The following man pages describe functions that list the in-memory operations with wide characters. They are wide-character equivalents of functions like memset(), memcpy(), and so on. These functions are not affected by the locale and all wchar_t values are treated identically.

wmemset(3C): Set wide characters in memory
wmemcpy(3C): Copy wide characters in memory
wmemmove(3C): Copy wide characters in memory with overlapping areas
wmemcmp(3C): Compare wide characters in memory
wmemchr(3C): Find a wide character in memory

Wide-Character Input and Output

The following functions are used for wide-character input and output.
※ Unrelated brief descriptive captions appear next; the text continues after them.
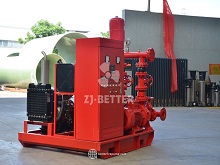How do the high head and large flow capacity of this fire pump meet different application needs?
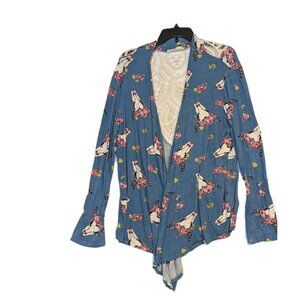 Liberty Love Cardigan Cover Up Women L Open Front Lace Back Cow Skulls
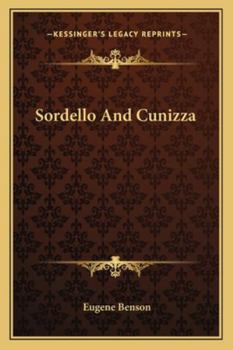 Paperback Sordello And Cunizza Book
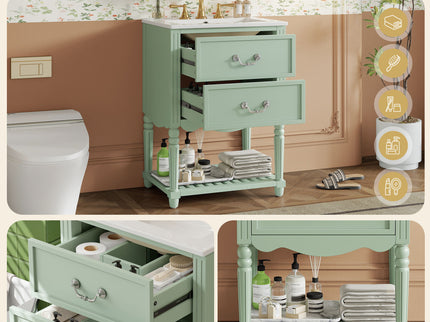 Wave Design Bathroom Vanity With Sink, 2 Drawers And Open Shelf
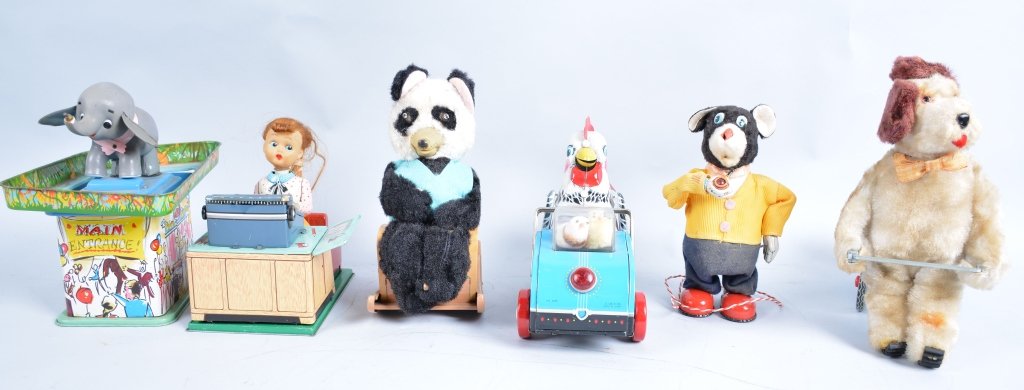 Lot of 6 BATTERY OP TOYS: Includes Papa Bear with Partial Box, Circus Elephant, Susie Typist, and others. Some missing parts. Very Good-Excellent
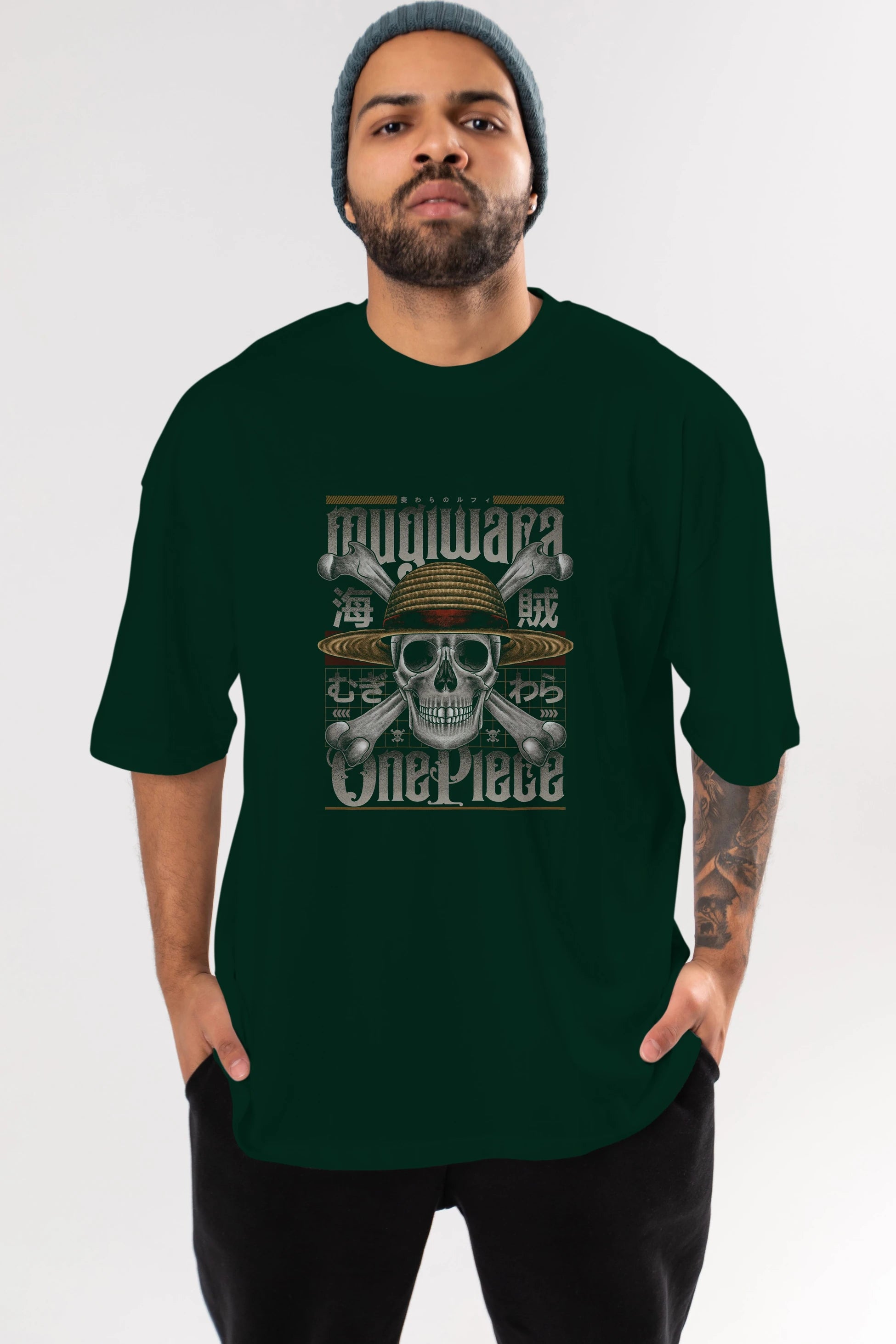 ONE PIECE (2) Anime Ön Baskılı Oversize t-shirt %100 pamuk Erkek Kadın Unisex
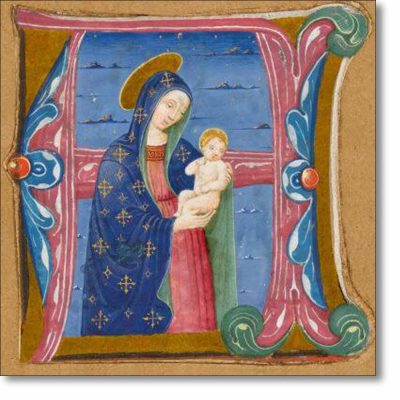 Christmas Card of 'Virgin and Child (Illuminated Letter A)'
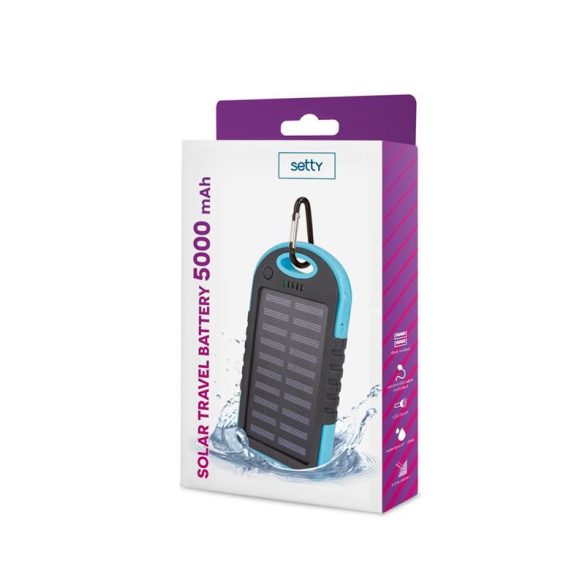 Solar Power bank, 5000mAh, 2x USB, kék, Setty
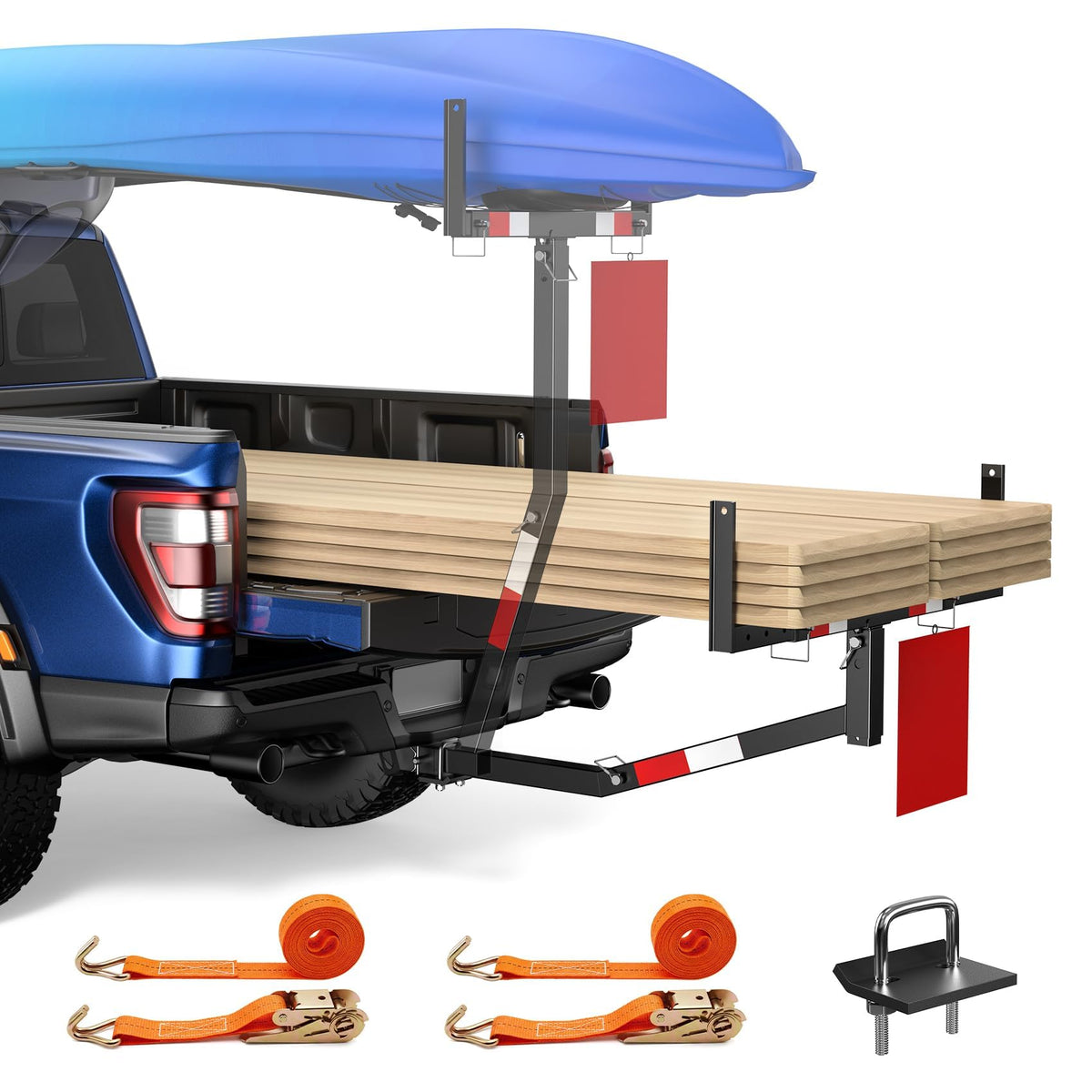 Truck Bed Extender Hitch Mount with Flag E691
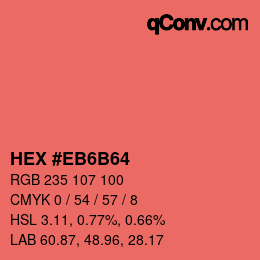 Color code: HEX #EB6B64 | qconv.com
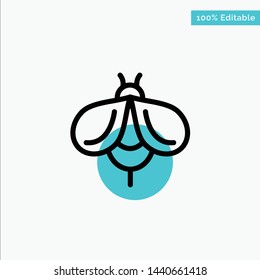 Bee, Fly, Honey, Bug turquoise highlight circle point Vector icon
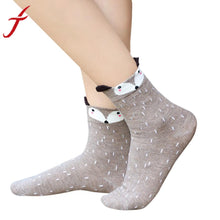 Load image into Gallery viewer, 1Pair Funny Socks Women Cute Little Animal Fox Printed Lady Socks harajuku designer fashion street In The Tube Socks For Autumn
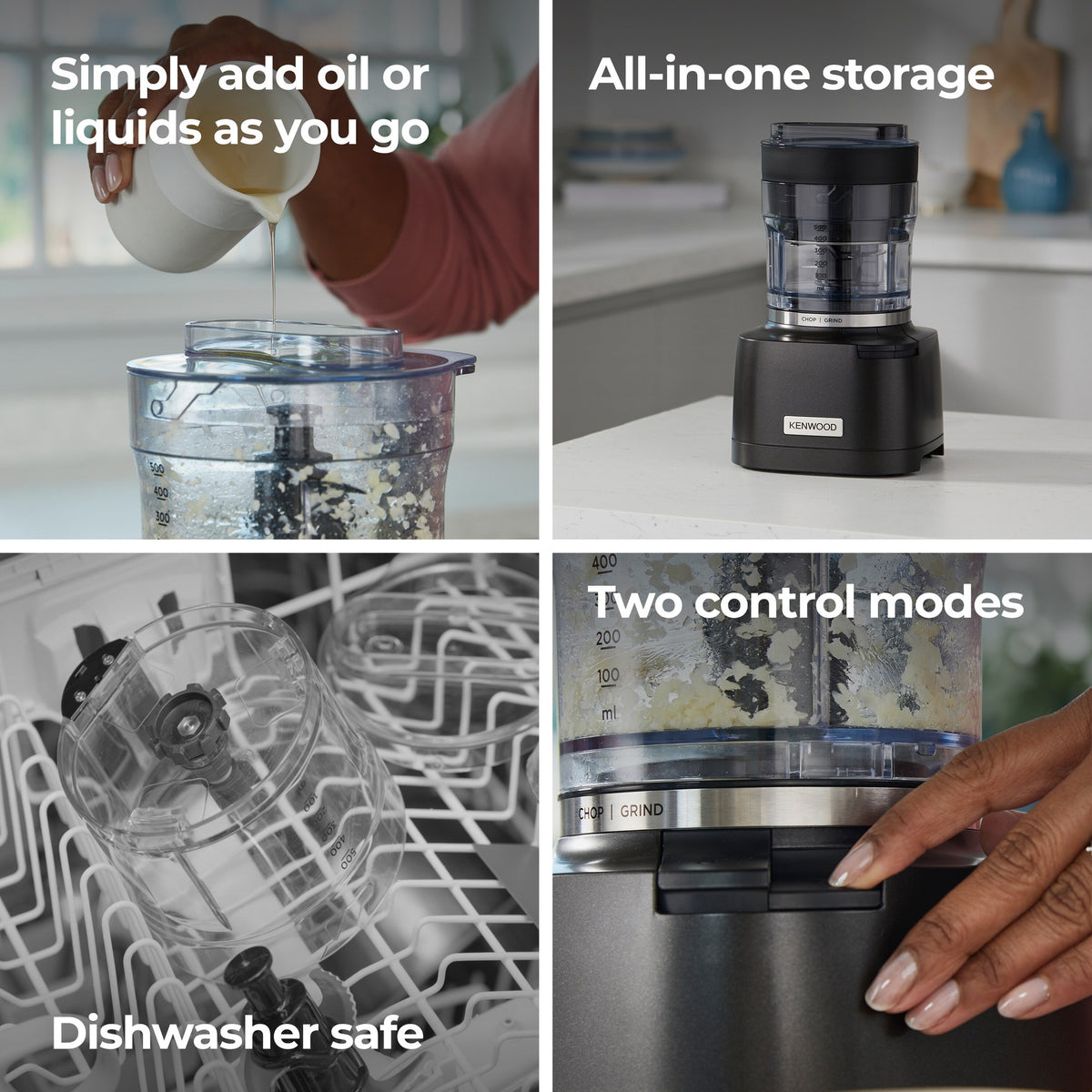 Kenwood Duo Prep Chopper and Grinder - Black - pour-as-you-go lid, stacked storage and two speeds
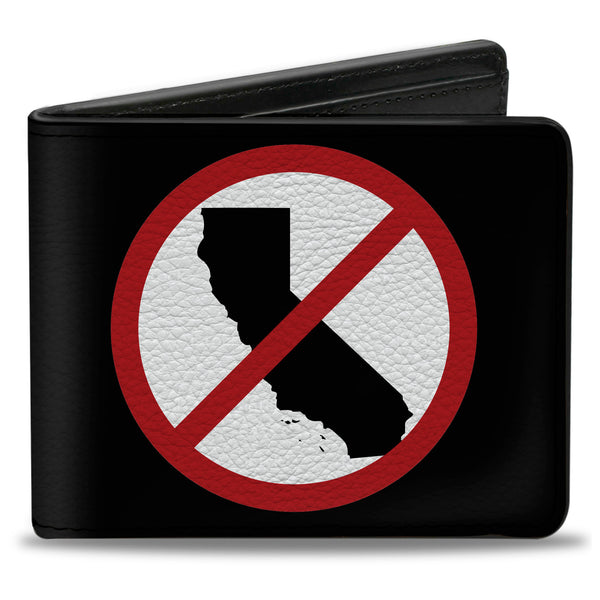 Buckle-Down Bi-Fold Wallet - Anti-California Logo Black Red White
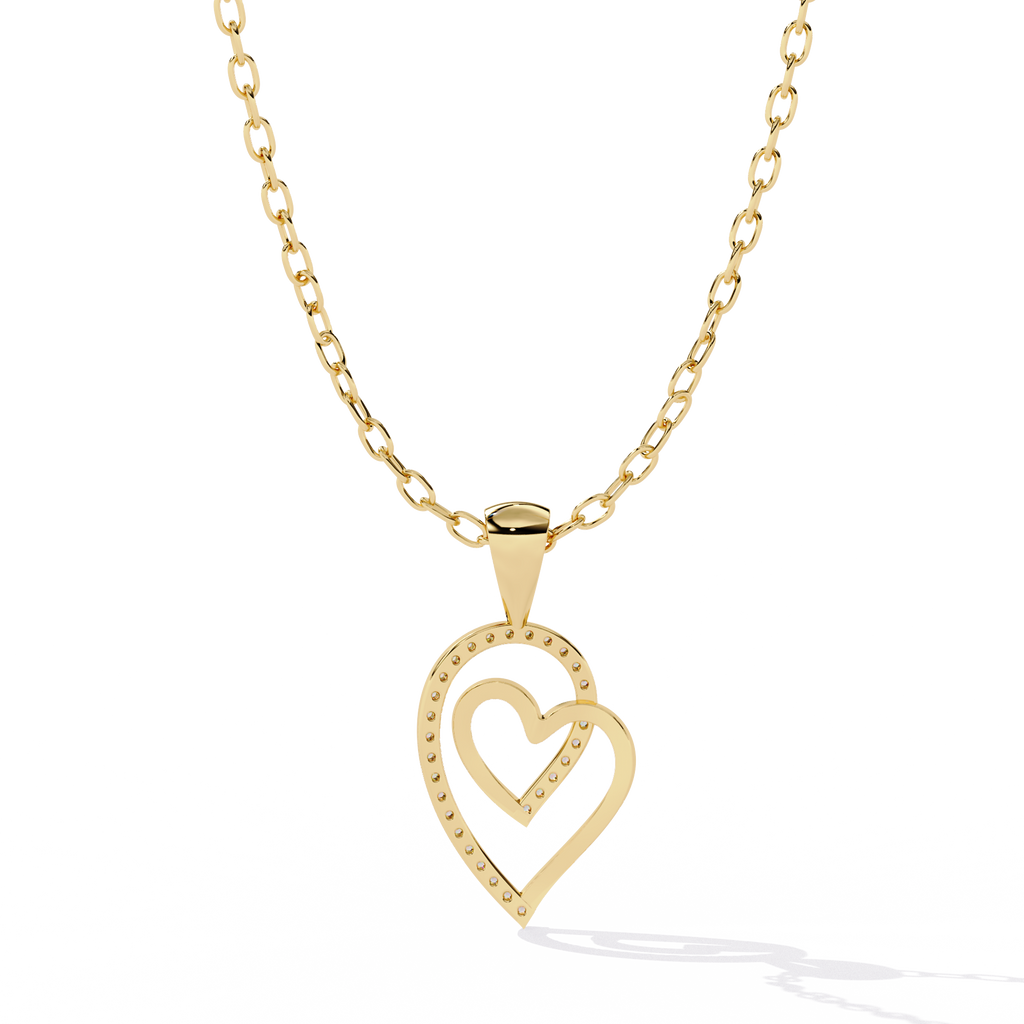 Intertwined Lab Grown Diamonds Heart Pendant – Round Cut Diamonds in Gold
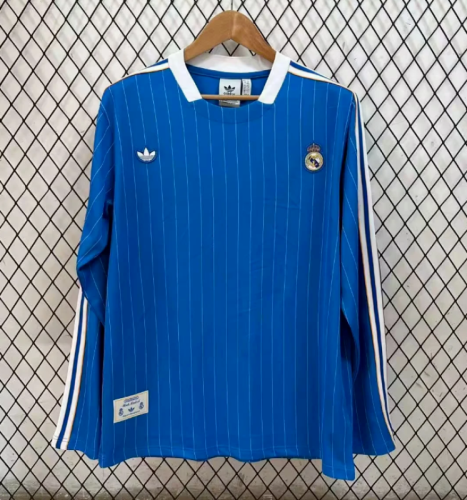 Long Sleeve 2025-2026 Real Madrid Blue Icon Soccer Jersey Real Football Shirt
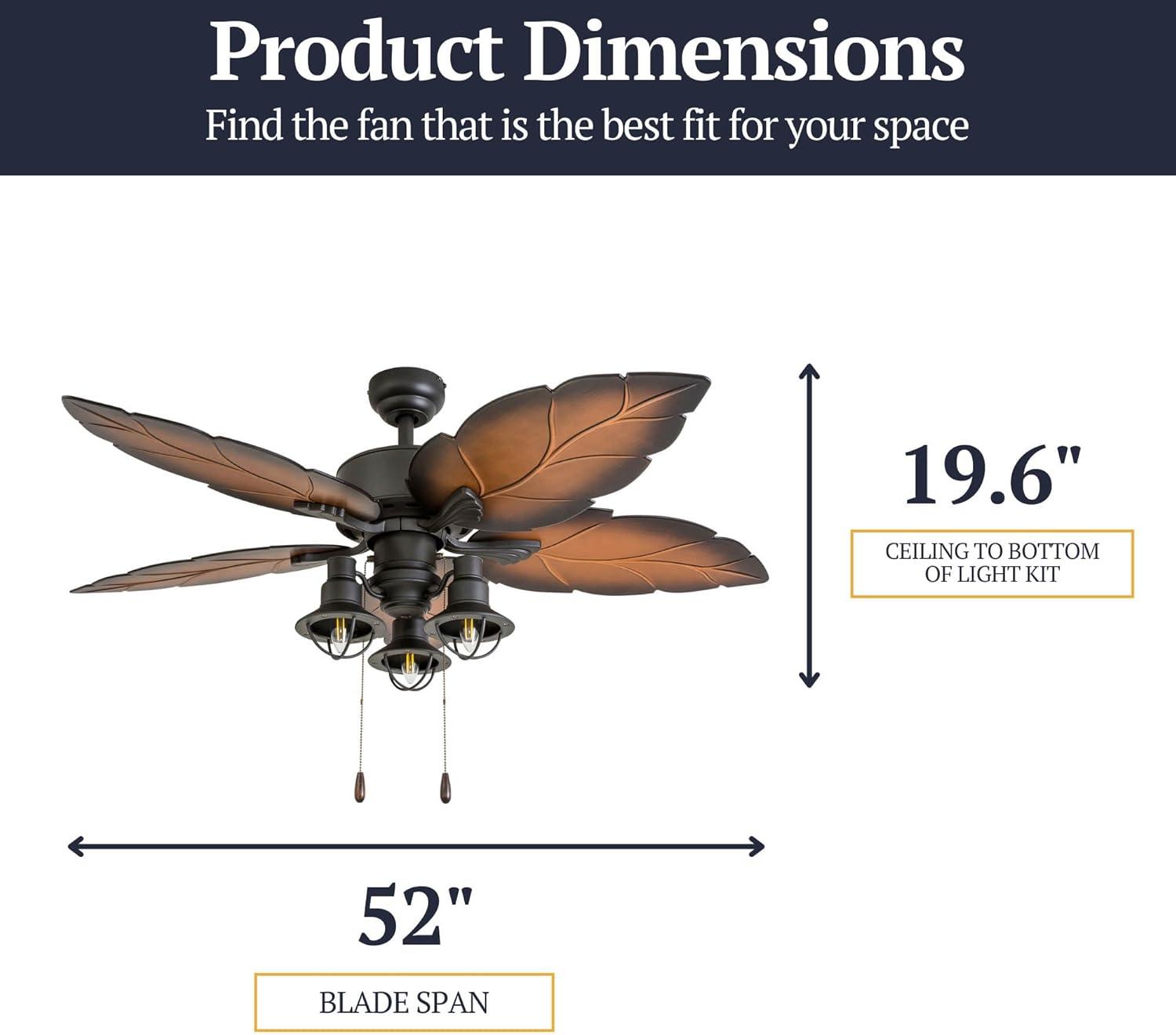 52" Bronze Tropical Ceiling Fan with Palm Leaf Blades and LED Light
These functions perform implicit conversion between file code (multibyte data) and internal process code (wide-character data).

fgetwc(), getwc(): Get a wide-character code from a stream
getwchar(): Get a wide character from a standard input stream
fgetws(): Get a wide-character string from a stream
getws() (*): Get a wide-character string from a standard input stream
fputwc(), putwc(): Put a wide-character code on a stream
putwchar(): Put a wide-character code on the standard output stream
fputws(): Put a wide-character string on a stream
putws() (*): Put a wide-character string on the standard output stream
fwide(): Set the stream orientation to byte or wide-character
ungetwc(): Push wide-character code back into the input stream

The following functions are used for formatting wide-character input and output:

fwprintf(), wprintf(), swprintf(), wsprintf() (*): Print formatted wide-character output
vfwprintf(), vwprintf(), vswprintf(): Wide-character formatted output of a stdarg argument list
fwscanf(), wscanf(), swscanf(), wsscanf() (*): Convert formatted wide-character input
vfwscanf(), vwscanf(), vswscanf(): Convert formatted wide-character input using a stdarg argument list

The functions marked with (*) were added to Oracle Solaris before the UNIX 98 standard that introduced the Multibyte Support Extension (MSE). They require inclusion of the widec.h header instead of the default wchar.h.